The precarious workforce places pressure on recent PhD graduates who enter the job market with fewer and fewer opportunities for tenure stream positions; they must work in conditions where they are paid very little while trying to maintain research profiles in order to find full-time employment. Instructors often must teach several courses per term – sometimes within different departments and even institutions – to survive financially. To make matters worse, contract courses are determined by resource allocation formulas that are as opaque as they are irregular. We all know this, and our knowledge makes us complicit. The question is: what are we going to do about it?
A number of universities – especially large, research-intensive institutions – have tried to combat these trends by creating teaching-stream and research-stream positions. Teaching-stream instructors teach a much higher number of courses without the same expectations of disciplinary research as research-stream positions, which have high research and low teaching demands for tenure, review and promotion.
The problems with this approach are manifold: when research and teaching are treated as separate professional spheres, we overlook the rich cross-fertilizations between knowledge production and knowledge sharing; furthermore, separating teaching and research assumes as a central premise that the classroom is a static space for knowledge transmission rather than a rich, engaging space for the creation of new modes of thinking and learning.
It is no wonder that, in the light of these changing working conditions, conversations about a crisis in higher education have been growing in the past two decades. The threat to the professoriate threatens student success – and by extension satisfaction, engagement and resilience for students and faculty. We are faced with processes that commodify students, dichotomize teaching and research, and divide administrators and faculty.

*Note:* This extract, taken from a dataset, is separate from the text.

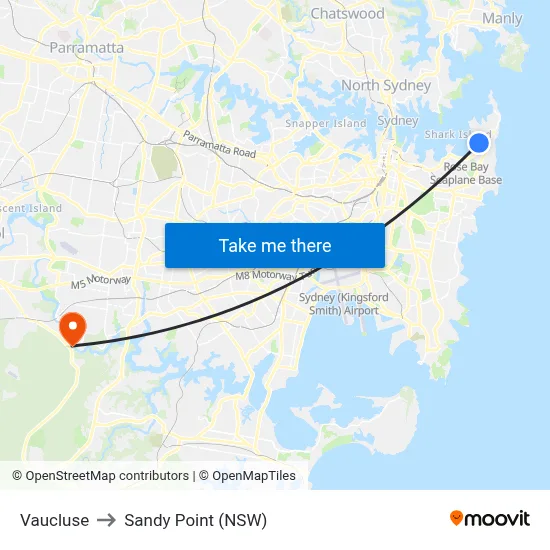 Vaucluse to Sandy Point (NSW) map
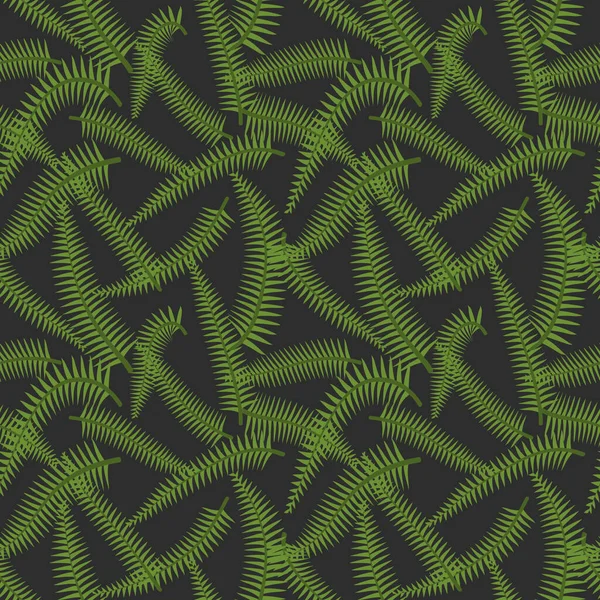 Enkel minimal grön ormbunke lämnar tropiskt sömlöst mönster. Mörk bakgrund. — Stock vektor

How do we combat this systemic inequality and reimagine an approach to higher education that is both ethical and sustainable? There is, of course, no easy answer. Every institution must share responsibility amongst faculty, librarians, administration and staff to think carefully and creatively about these issues. There are, however, a number of emerging programs with elegant and sometimes surprisingly simple solutions that give rise to hope.
In an attempt to reverse the trends of teaching and research streams, faculty and administrators at one university eradicated the senior instructor level during the latest round of collective bargaining. In its stead, the negotiating teams on both sides of the table struck a parity committee to establish a postdoctoral teaching fellowship by 2020.
A postdoctoral teaching fellowship would, in its ideal form, provide emerging scholars with teaching experience, professional development, mentorship, research support and the confidence that comes with being a member of a department. Salaries must be equitable, teaching loads should be lower than full-time teaching loads, and teaching and research supports would be generous and integrative. Some universities are particularly well-situated to design this type of program, especially ones that focus on undergraduate teaching excellence, have a clear liberal arts mandate and a curiosity-driven approach that places as much emphasis on building a soul as building a CV.
This model is replicable at other institutions with varying sizes and mandates if we are courageous and innovative and creative. A postdoctoral teaching fellowship is only one small intervention in what must be a multi-pronged approach to combatting increasingly challenging working conditions.
Will this initiative result in more jobs? Probably not. But if can we shift our institutional cultures to value teaching as a scholarly activity and a social responsibility, we can make a compelling case to fund more positions. When it comes to our precarious and contingent workforce, we can do more than we are doing. It is time to do something.